Affidavano le forniture di beni e servizi a società informatiche che, in cambio dell'appalto, garantivano loro device e strumenti informatici per loro e per i loro amici e parenti. Per questo la Procura Europea (Eppo) ha chiesto l'arresto di 16 tra docenti universitari, ricercatori e insegnanti e manager e dipendenti di società informatiche accusati a vario titolo di corruzione propria e turbata libertà nel procedimento di scelta del contraente.
L'inchiesta europea, coordinata dai pm Gery Ferrara e Amelia Luise e condotta dai Carabinieri, prende le mosse da un'altra inchiesta italiana che nel 2023 condusse all'arresto di Daniela Lo Verde, allora dirigente della scuola Falcone dello Zen di Palermo, fino ad allora considerata un'eroina dell'impegno antimafia, oltre che del suo vice e di una dipendente dell'azienda R-Store spa, Alessandra Conigliaro, conclusa con dei patteggiamenti per peculato e corruzione. La preside, oltre a fare la cresta sugli alimenti della mensa scolastica, faceva acquistare con fondi europei (da qui la competenza della procura europea) pc e dispositivi elettronici da destinare agli alunni dal negozio della Conigliaro che, in cambio, le faceva avere telefonini e computer per sé e per i suoi familiari.
In realtà, come emerge dall'inchiesta europea, questo malvezzo era in uso in diverse altre tra scuole e facoltà e università principalmente in Campania, all'università Federico II e al Cnr, ma anche a Como, in Lombardia, alla fondazione Minoprio Istituto Tecnologico, ed è stata la dipendente dell'esercizio commerciale, con le sue rivelazioni, a consentire ai pm di allargare l'indagine. Secondo gli inquirenti la R-Store, due manager dei quali sono sospesi mentre l'amministratore delegato si è dimesso, «alla continua ricerca di profitto e ingolosita dalle innumerevoli opportunità derivanti dai fondi europei del Pnrr destinati al mondo della scuola», avrebbe applicato una politica commerciale ben più che aggressiva, sconfinando nell'illecito». Ma al centro dell'indagine c'è anche l'azienda Apple Premium Reseller con sede a Napoli e più di 32 punti vendita in Italia, specializzata nella fornitura di beni e servizi di formazione a scuole ed enti universitari, che si avvaleva di una task force che intratteneva relazioni con numerosi istituti e facoltà allo scopo di aggiudicarsi forniture di dispositivi digitali e software informatici. In particolare un dirigente fungeva da motore della truffa, riuscendo a procacciare ingenti forniture piuttosto ingenti. I docenti e i ricercatori che imponevano le società amiche per le forniture coi soldi di Bruxelles, ricevevano in cambio iphone da 2mila euro, buoni spesa, stampanti e smart tv.

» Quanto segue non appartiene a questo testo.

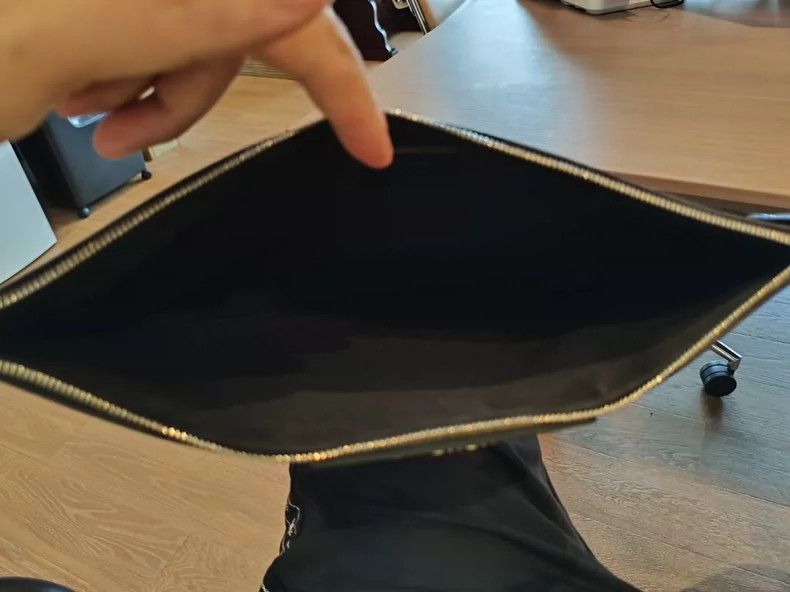 Givenchy Givenchy Men's black leather clutch, fine texture Size ONE SIZE - 5 Thumbnail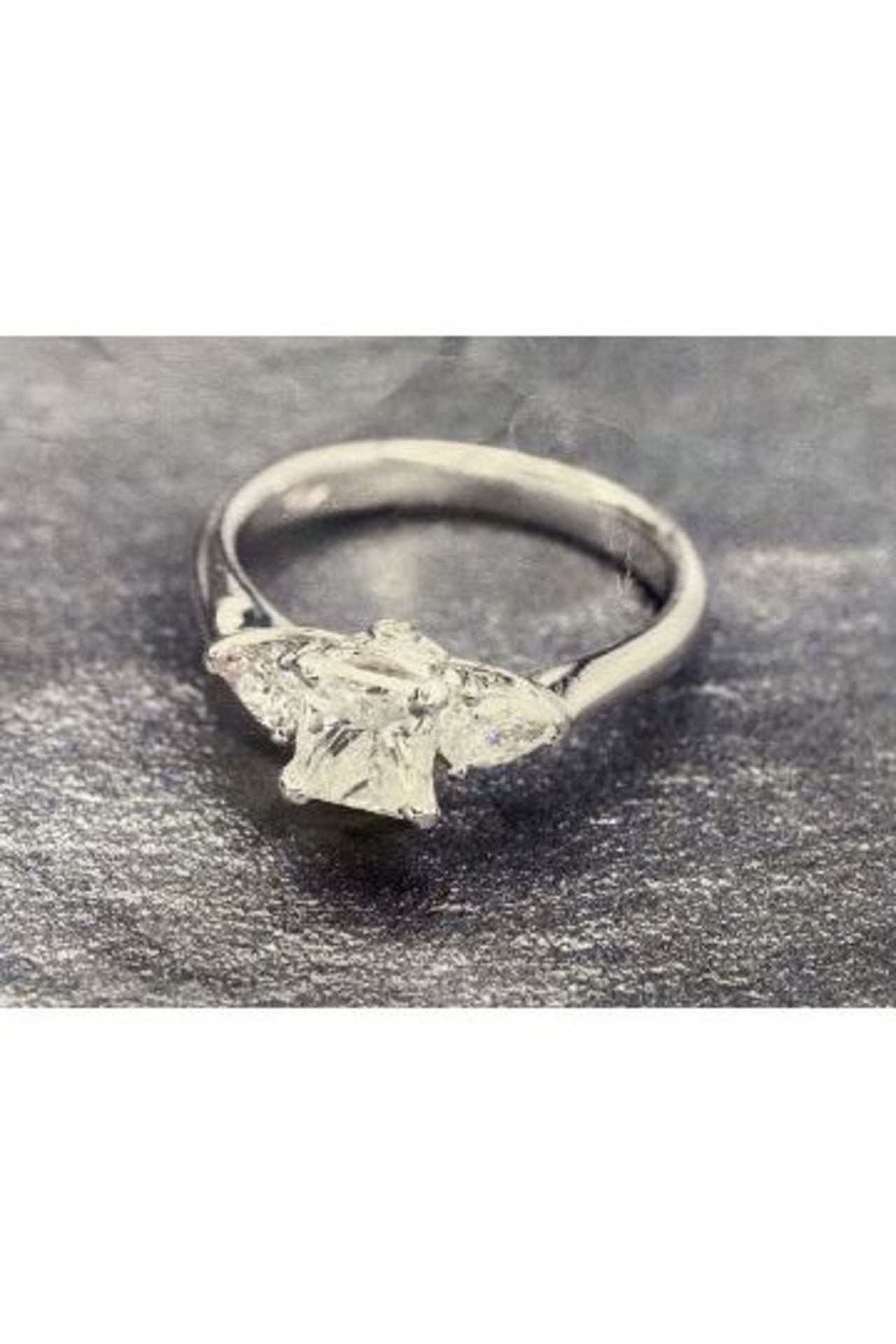 RRP £7,500 18Ct White Gold Diamond Ring Comprising Of A Centre Princess Cut Diamond Measuring 6.30Mm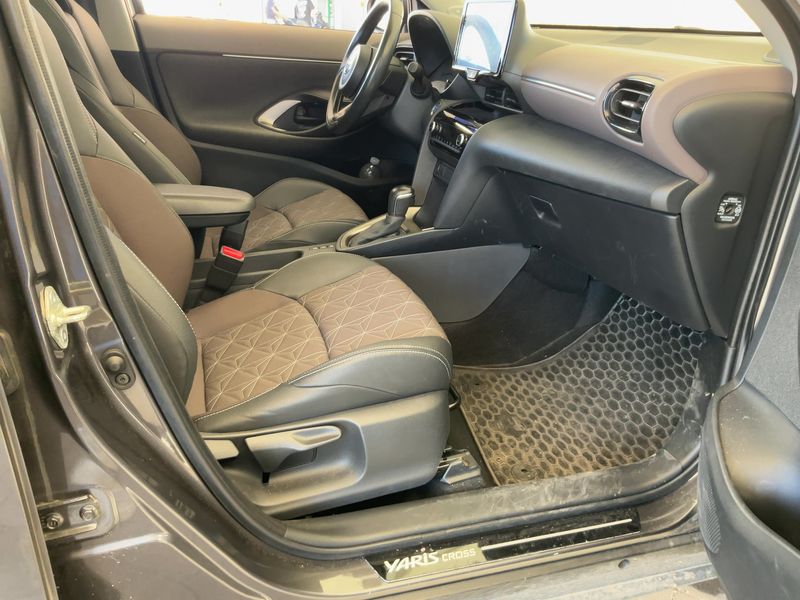 Toyota Yaris Cross 1.5 Hybrid 2WD Lounge 2021 – снимка 16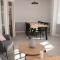Nest 382
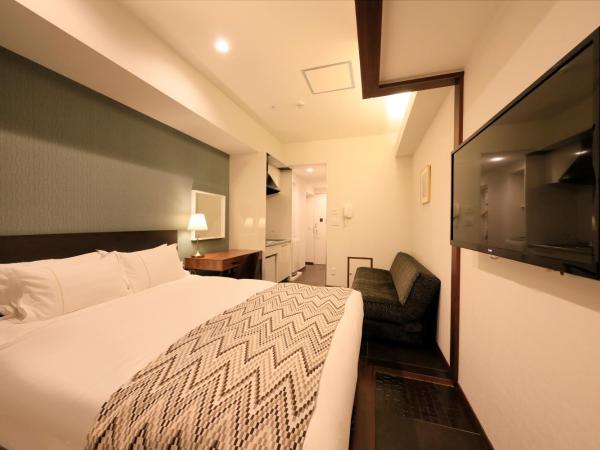 Centurion Hotel Residential Akasaka Station : photo 3 de la chambre chambre lit queen-size supérieure avec balcon - non-fumeurs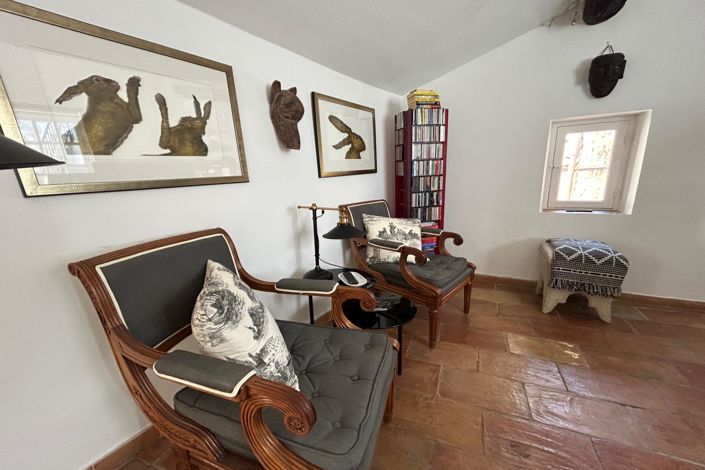 Image No.11-2 Bed House for sale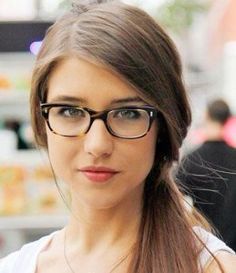 best glasses for oval face - Google Search How To Become Pretty, New York Beauty, Cute Work Outfits, Ray Ban Wayfarer, Ray Ban Aviator, Fashion And Beauty Tips, Gorgeous Clothes, Summer Outfit Inspiration, Oval Faces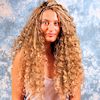 Frau mit lockigen Open Braids (French Deep)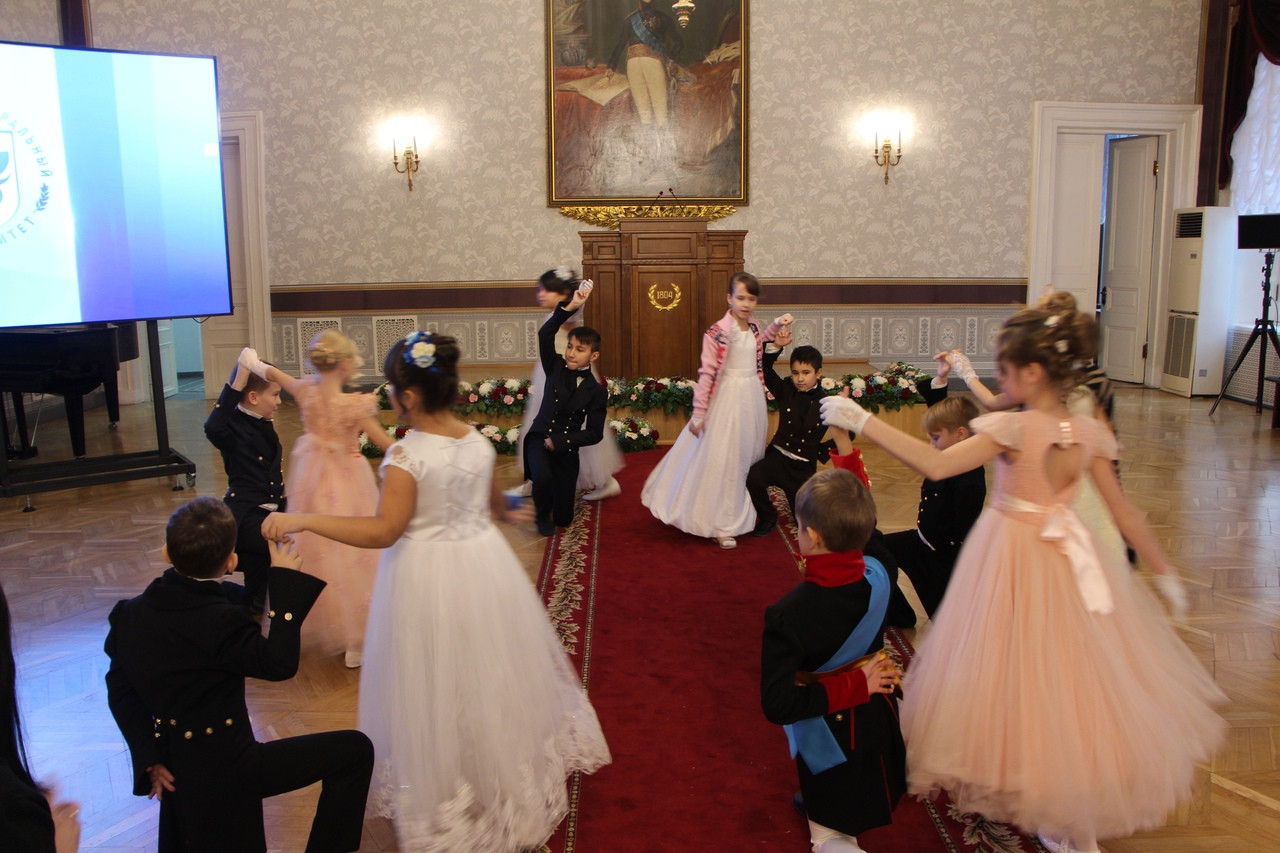 Детский театр 'Радуга' показал спектакль в Музее истории КФУ Детский театр 'Радуга' показал спектакль в Музее истории КФУ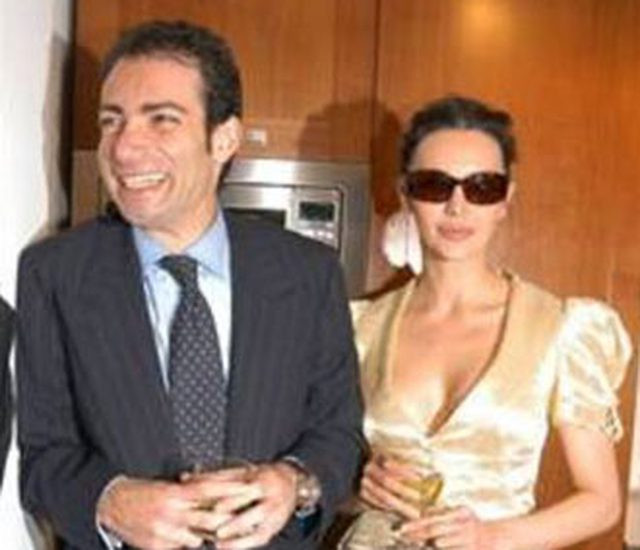 Hande Ataizinin evliliği bir günde bitmişti... Yıllar sonra anlattı Hande Ataizinin evliliği bir günde bitmişti... Yıllar sonra anlattı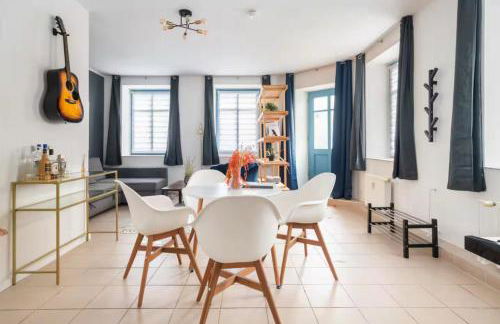 Spacious 70sqm Apartment Sleeps 6 Free Parking - Foto 12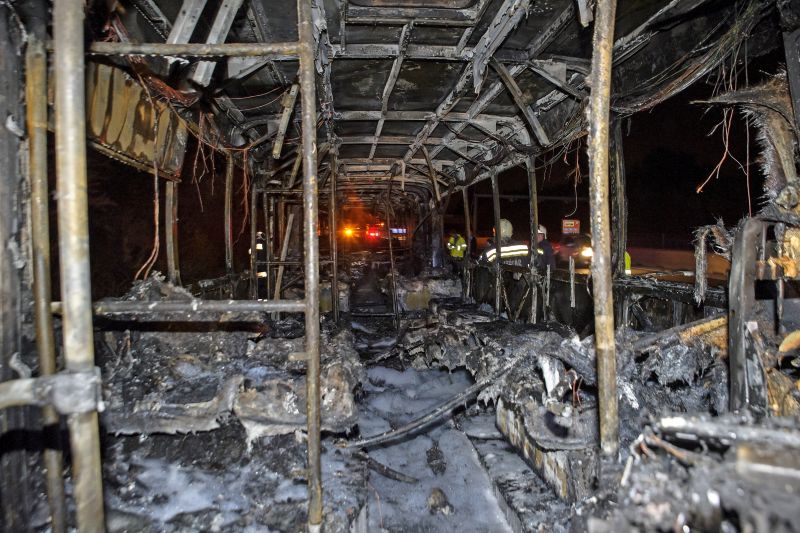 Brutális képek: lángra kapott, és teljesen leégett egy busz az M7-esen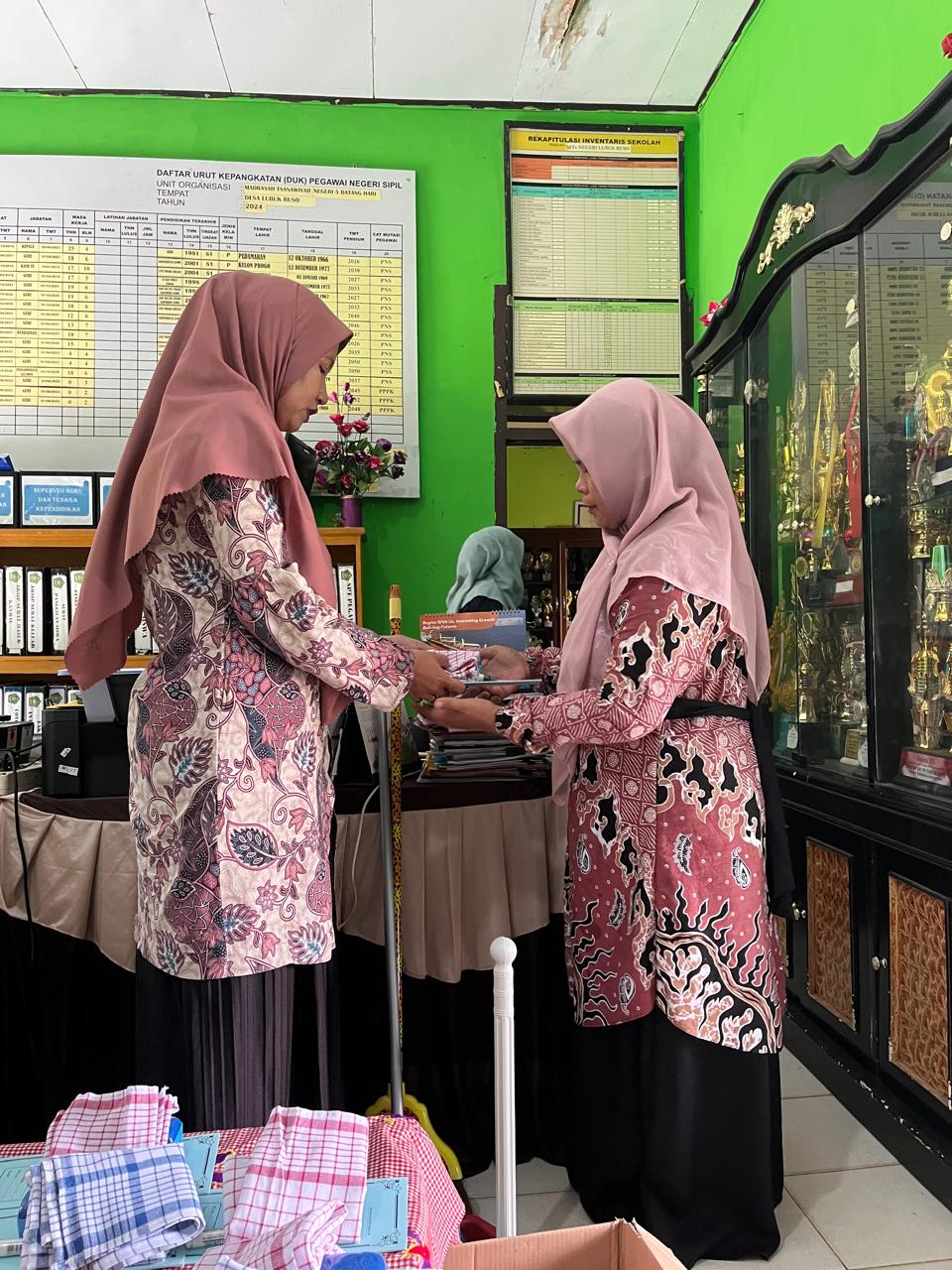 GURU DAN WALI KELAS MTSN 5 BATANG HARI TERIMA ATK DAN ALAT KEBERSIHAN GURU DAN WALI KELAS MTSN 5 BATANG HARI TERIMA ATK DAN ALAT KEBERSIHAN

Sulla richiesta della procura europea si pronuncerà il gip di Palermo al termine degli interrogatori preventivi, in corso in questi giorni.
Interrogatori nel corso dei quali due degli indagati avrebbero ammesso le loro responsabilità Tra gli indagati ci sono Corrado Leone, ricercatore del Cnr di Napoli, Luigi Cembalo, professore ordinario del dipartimento di Scienze Agrarie alla Federico II, Enrico Cafaro, docente di Scienze Economiche e Statistichenello stesso ateneo partenopeo, e diversi altri.